INSTRUCTIONS FOR THE TASK. Since the listing below shows pictures, leave them out and write out exactly the lines from the line with "居然有人嫉妒牺牲警察的子女?难不成他们也想死爹?" to the line with "tong bi thu", both included, and no others.

*** SUPPLIED INFORMATION ***

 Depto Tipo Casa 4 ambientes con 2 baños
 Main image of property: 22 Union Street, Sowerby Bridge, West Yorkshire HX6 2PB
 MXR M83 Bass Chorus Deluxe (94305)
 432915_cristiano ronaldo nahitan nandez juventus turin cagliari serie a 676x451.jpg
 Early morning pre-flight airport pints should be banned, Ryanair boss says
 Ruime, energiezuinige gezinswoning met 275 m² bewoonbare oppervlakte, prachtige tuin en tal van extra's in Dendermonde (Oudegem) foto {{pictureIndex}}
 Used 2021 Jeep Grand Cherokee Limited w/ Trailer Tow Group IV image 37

*** End of SUPPLIED INFORMATION ***
*** SUPPLIED INFORMATION ***

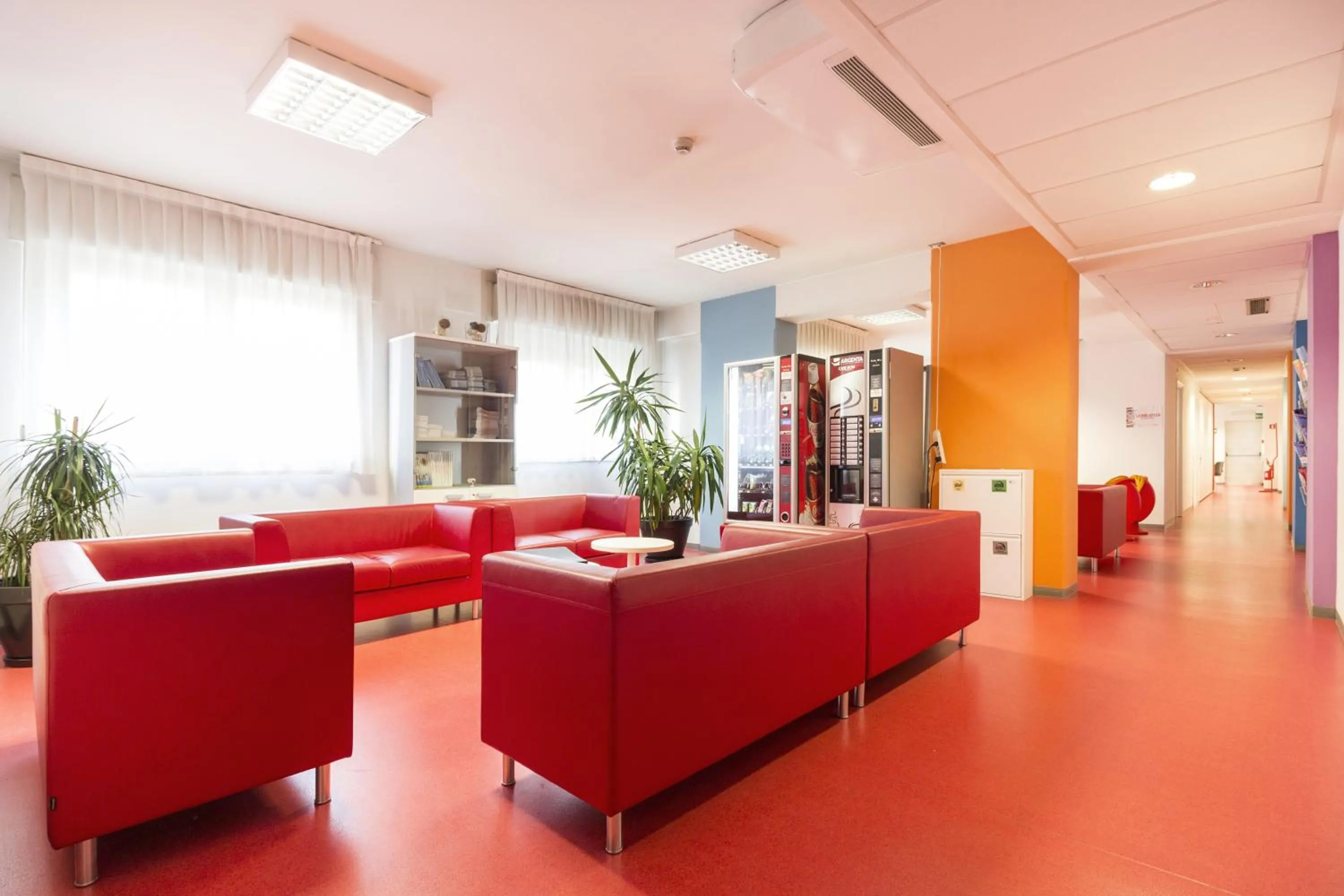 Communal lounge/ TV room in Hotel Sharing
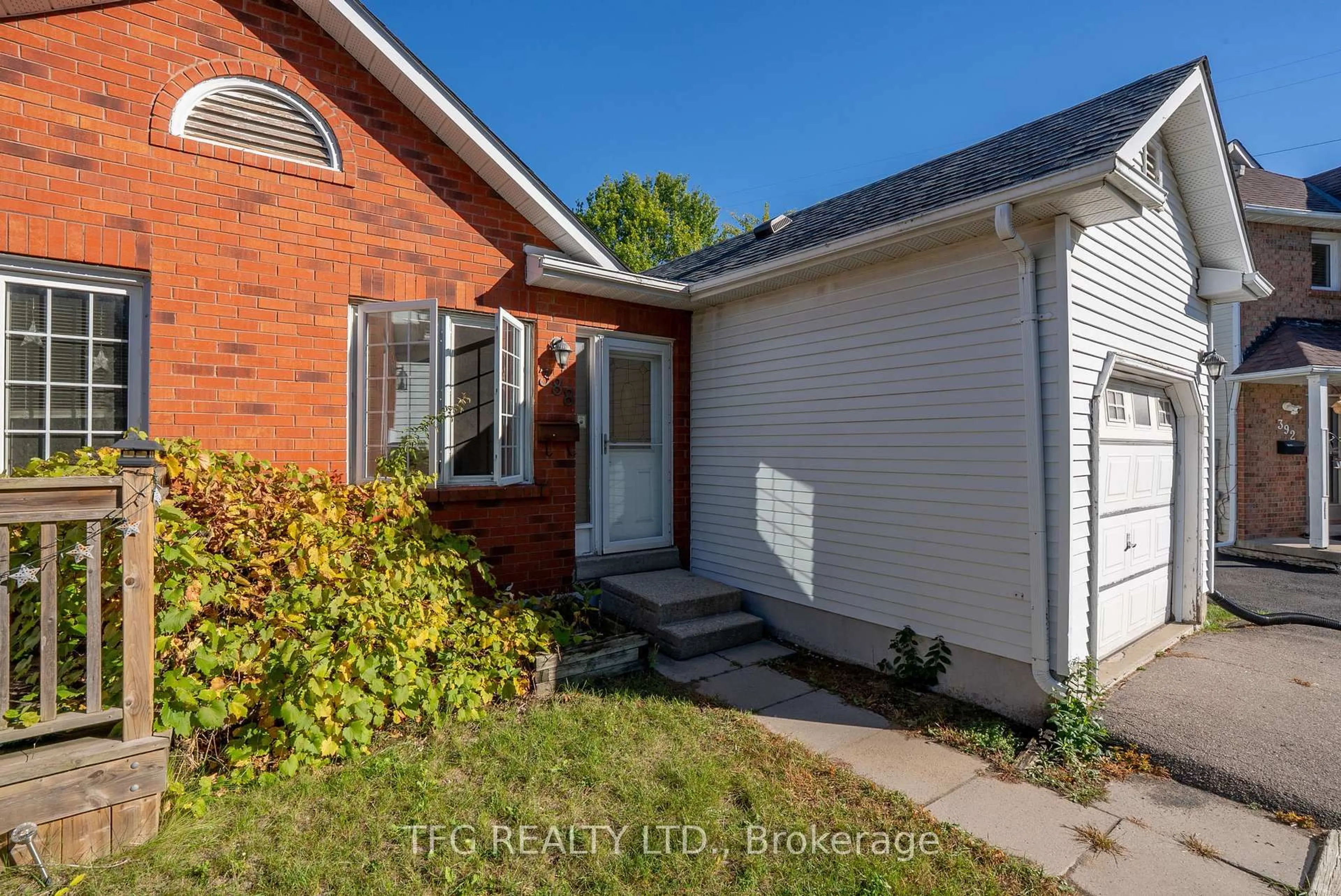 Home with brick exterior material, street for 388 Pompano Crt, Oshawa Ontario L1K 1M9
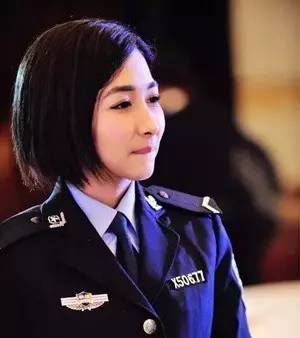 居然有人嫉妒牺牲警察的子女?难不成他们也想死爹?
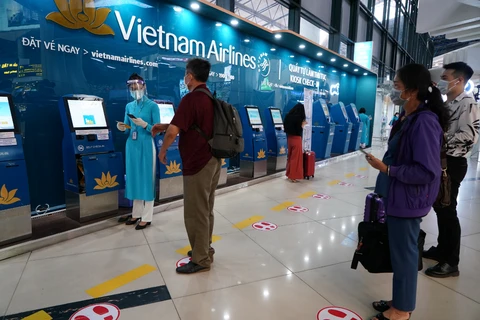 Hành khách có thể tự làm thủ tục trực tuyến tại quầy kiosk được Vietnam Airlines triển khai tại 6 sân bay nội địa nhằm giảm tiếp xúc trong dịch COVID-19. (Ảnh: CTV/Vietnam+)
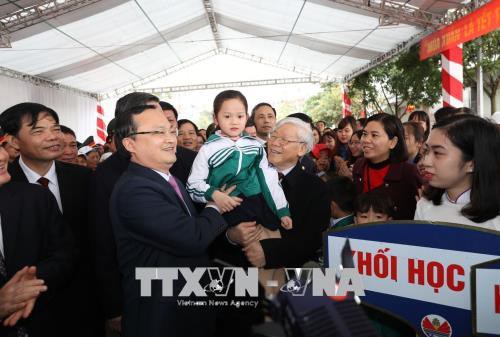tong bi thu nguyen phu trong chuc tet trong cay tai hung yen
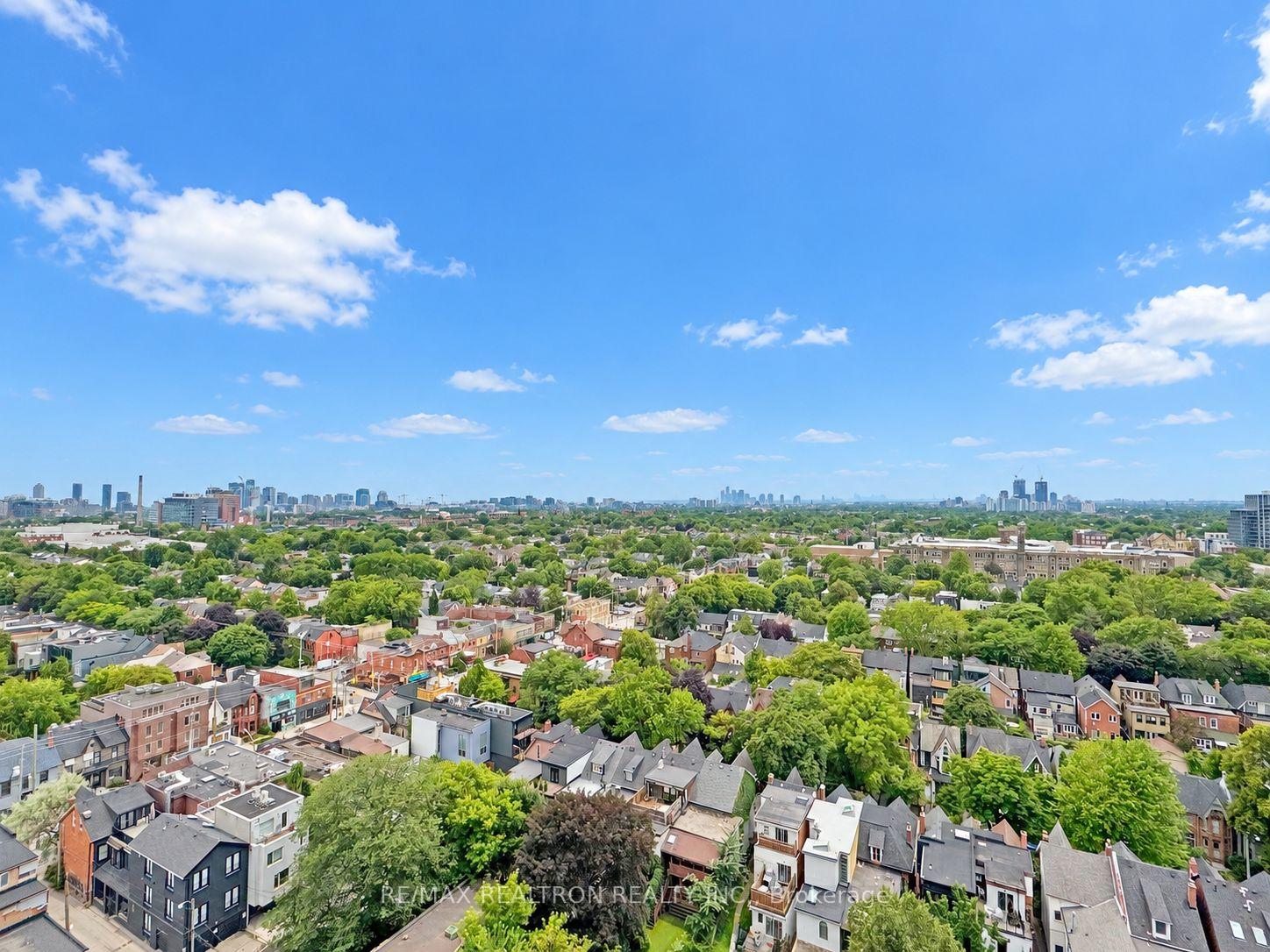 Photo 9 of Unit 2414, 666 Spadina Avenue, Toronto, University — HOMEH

*** End of SUPPLIED INFORMATION ***

EXERCISE RESULT.
 居然有人嫉妒牺牲警察的子女?难不成他们也想死爹?
 Hành khách có thể tự làm thủ tục trực tuyến tại quầy kiosk được Vietnam Airlines triển khai tại 6 sân bay nội địa nhằm giảm tiếp xúc trong dịch COVID-19. (Ảnh: CTV/Vietnam+)
tong bi thu nguyen phu trong chuc tet trong cay tai hung yen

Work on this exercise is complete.